Name the inherited defects in RBCs membrane.
- Stomacytosis in alaskan malamutes
- Spherocytosis in golden retrievers
Name the inherited defects in RBCs metabolic pathways.
- Phosphofructokinase deficiency in dogs
- Pyruvate kinase deficiency in dogs and cats
Describe the pathogenesis of inflammatory disease causing non-regenerative anaemias? Give some differentials.
Inflammatory cytokines supress erythropoiesis , EPO release and response to EPO. It also stimulated hepcidin release, inhibiting iron absorption causes iron sequestration.
DDx include sepsis, IBD, inflammatory liver disease, cancer.

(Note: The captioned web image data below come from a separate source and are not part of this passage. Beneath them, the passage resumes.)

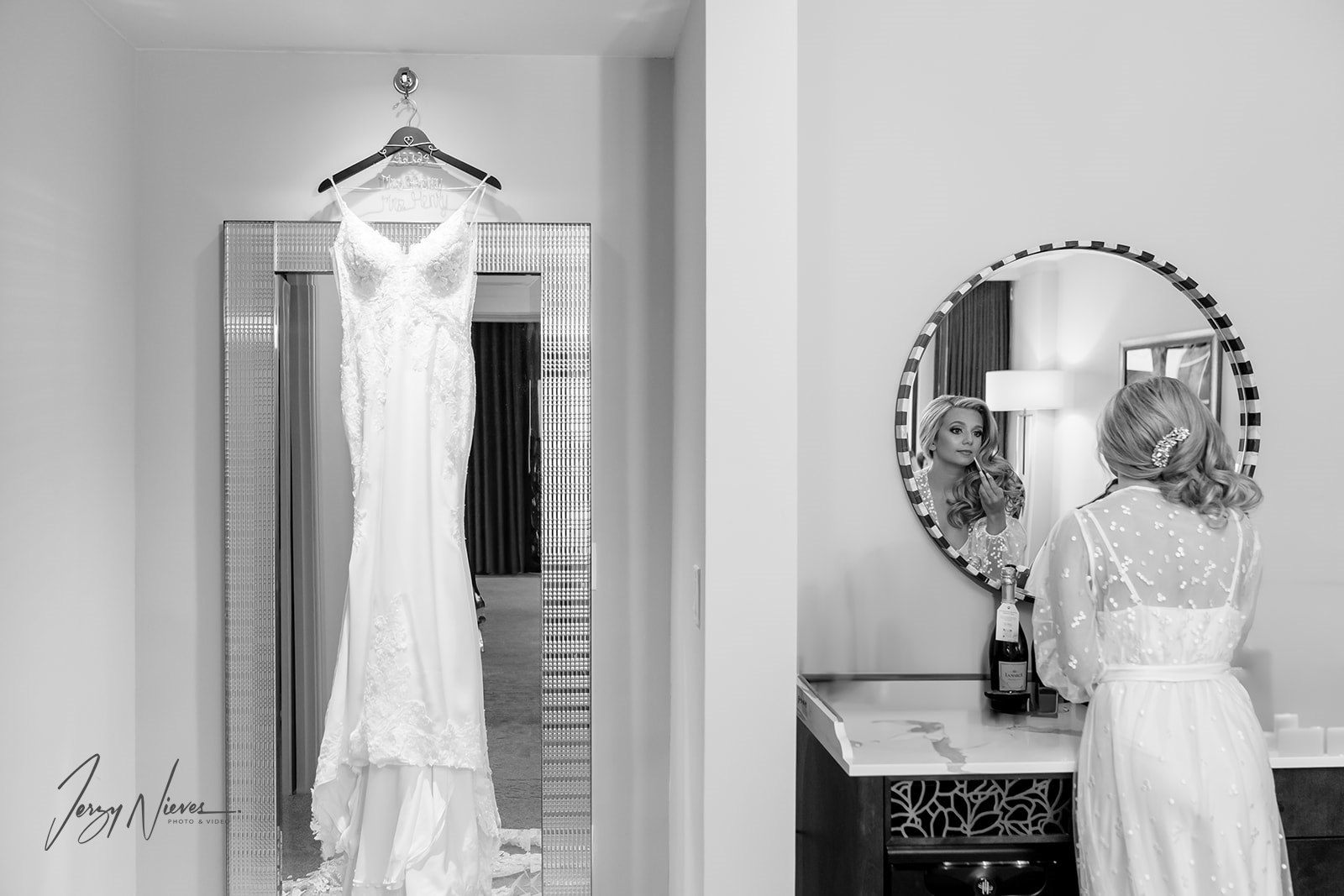 Black and white image of the bride finishing her preparations in front of a mirror, with her wedding dress hanging beside her.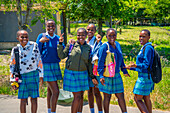 View of school girls smiling for camera in traditional Zulu village, Veyane Cultural Village, Khula, Khula Village, KwaZulu-Natal Province, South Africa, Africa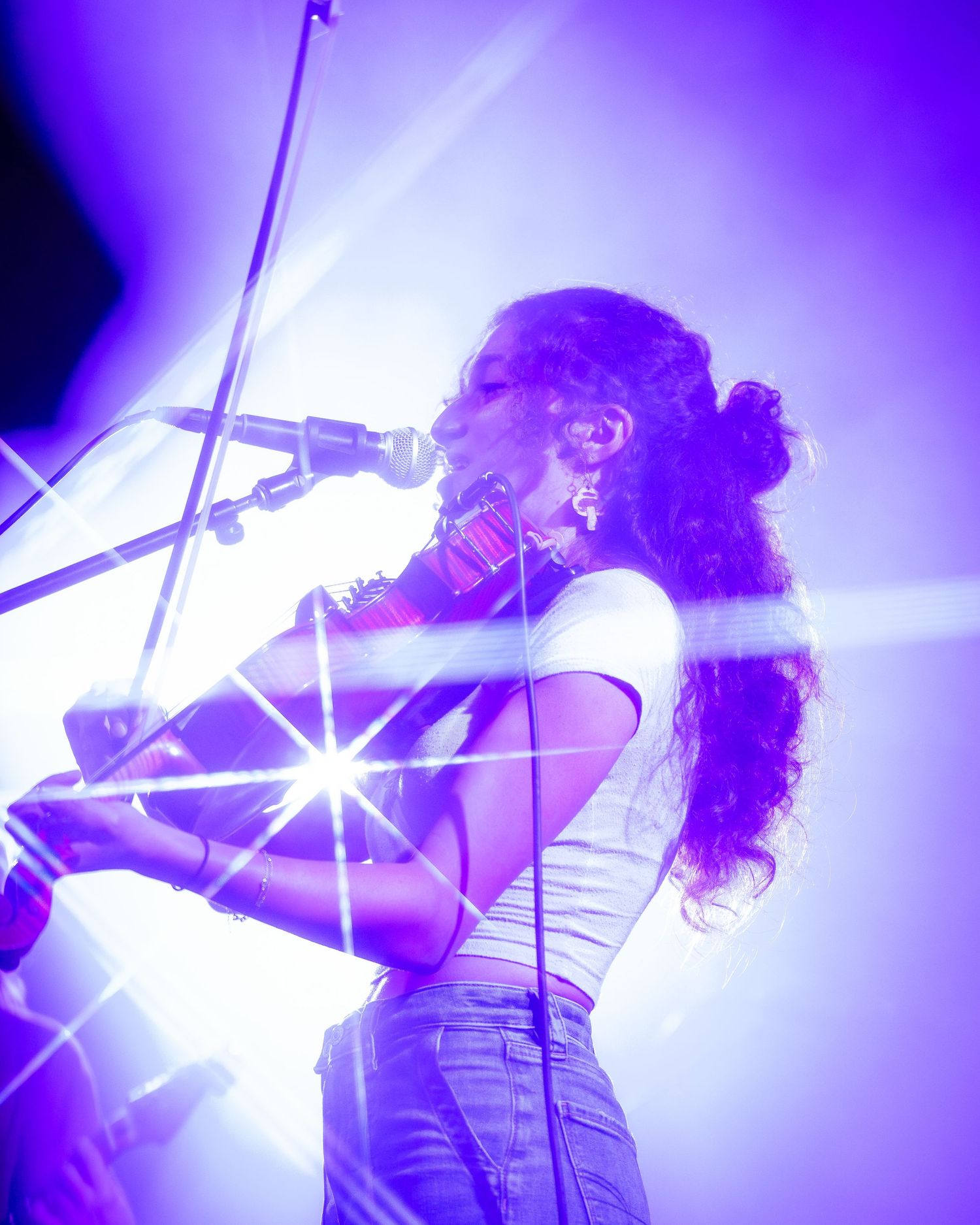 Concert performance bathed in vibrant purple lighting showing dynamic stage movements.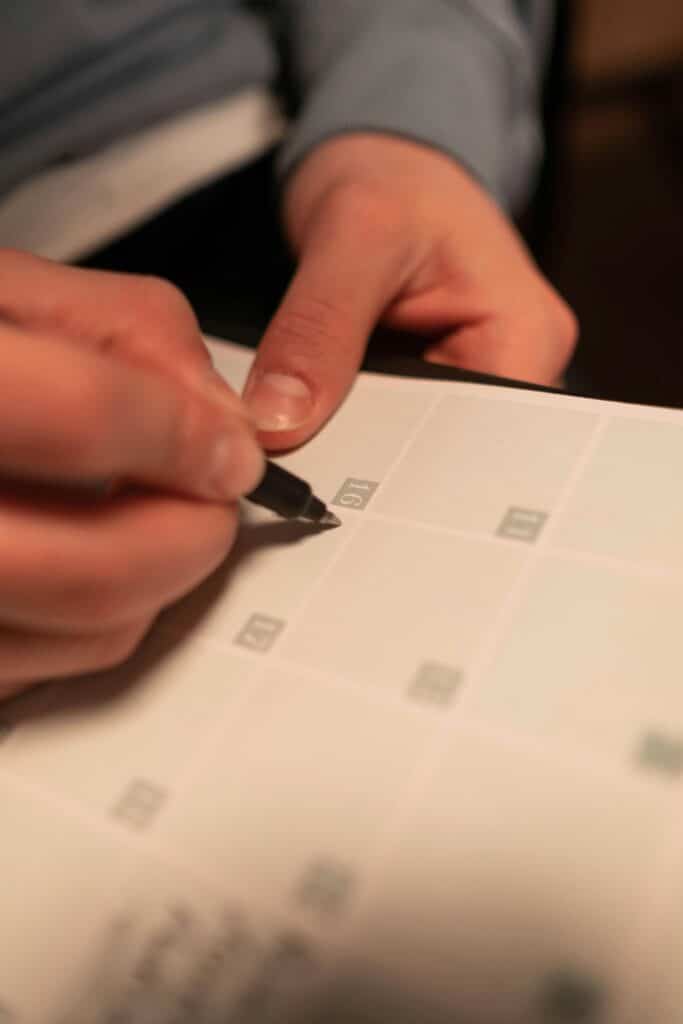 Close-up of a hand writing on a calendar, planning future events such as counsellinfg sessions on communication skills for busy business owners.
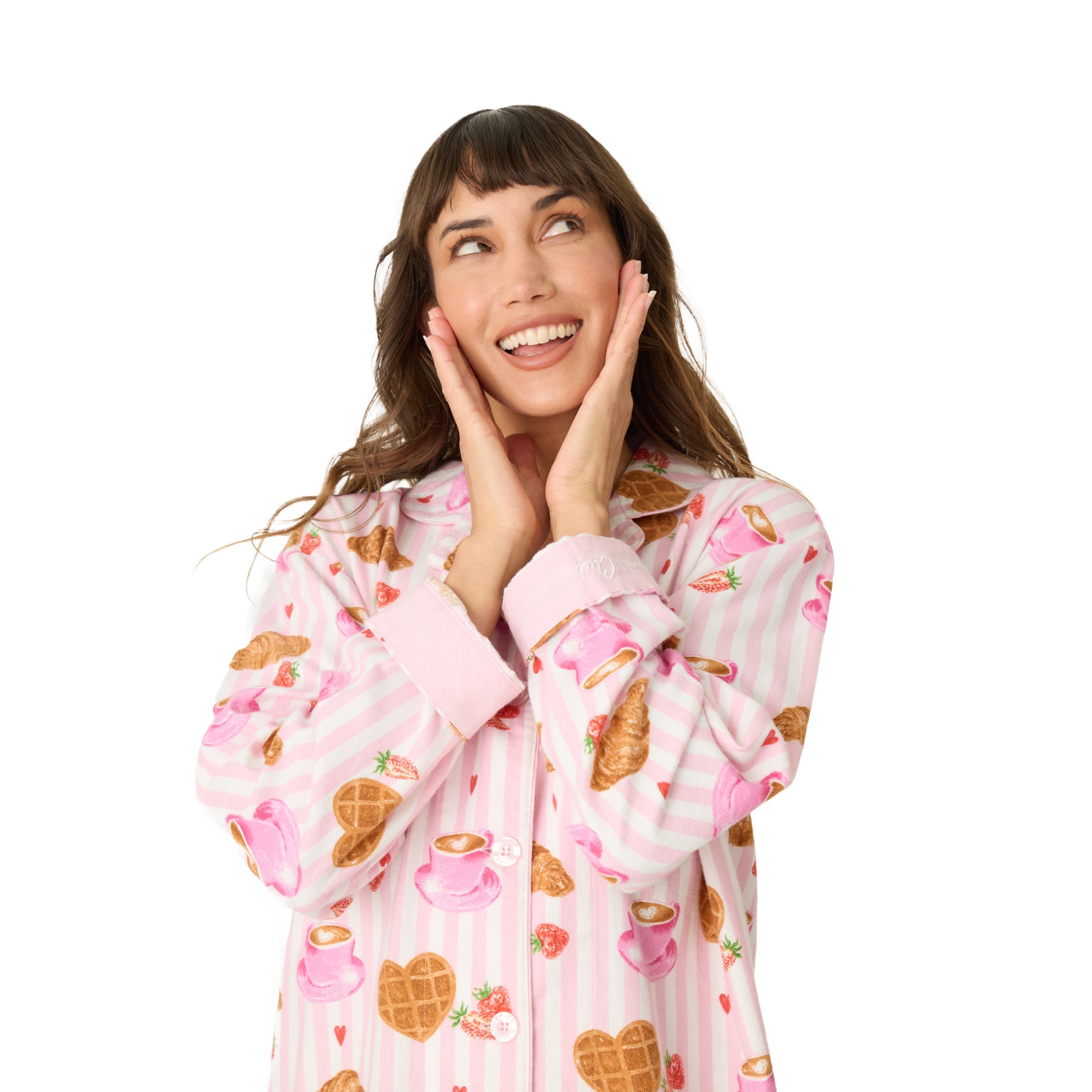 Woman smiling in pink striped breakfast-print nightshirt.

What are some features on a blood smear that can indicate an immune-mediated haemolytic anaemia?
- Spherocytes
- Agglutinaemia
- Ghost cells
What are some features on a blood smear that can indicate an infectious process?
Identifying organisms on a blood smear
What are some features on a blood smear that can indicate an oxidant induced process?
- Heinz bodies
- Eccentrocytes
- Pyknocytes
- Ghost cells - often with heinz bodies
What are the four main questions to ask when working up an anaemia?
- How acute is the anaemia?
- Is the anaemia regenerative?
- Is the cause identifable from a smear?
- Which additional tests are indicated?
What is the first question in the algorithm for evaluating the anaemic patient?
Is the anaemia adequately regenerative?
What is the algorithm for when the anaemia is not adequately regenerative?
Ask is this an acute onset?
NO –> to non-regenerative algorithm
YES –> Re-evaluate in 3 to 5 days if stable.
What is the algorithm for when the anaemia is regenerative?
Determine if there is evidence of internal or external haemorrhage e.g. faecal occult blood, supportive data e.g. low TP
YES –> is it acute or chronic. If chronic –> Is there evidence of iron deficiency?
NO –> Is there evidence of haemoylsis e.g. RBC abnormalitis or Elevated TBIL or IRON –>
No –> unknown mechanism additional test as indicated e.g. coombs. Yes –> haemolytic anaemia –> is there haemoglobinaemia and haemoglobinuria? No–> extravascular haemolysis. Yes –> intravascular and extravascular haemolysis is present.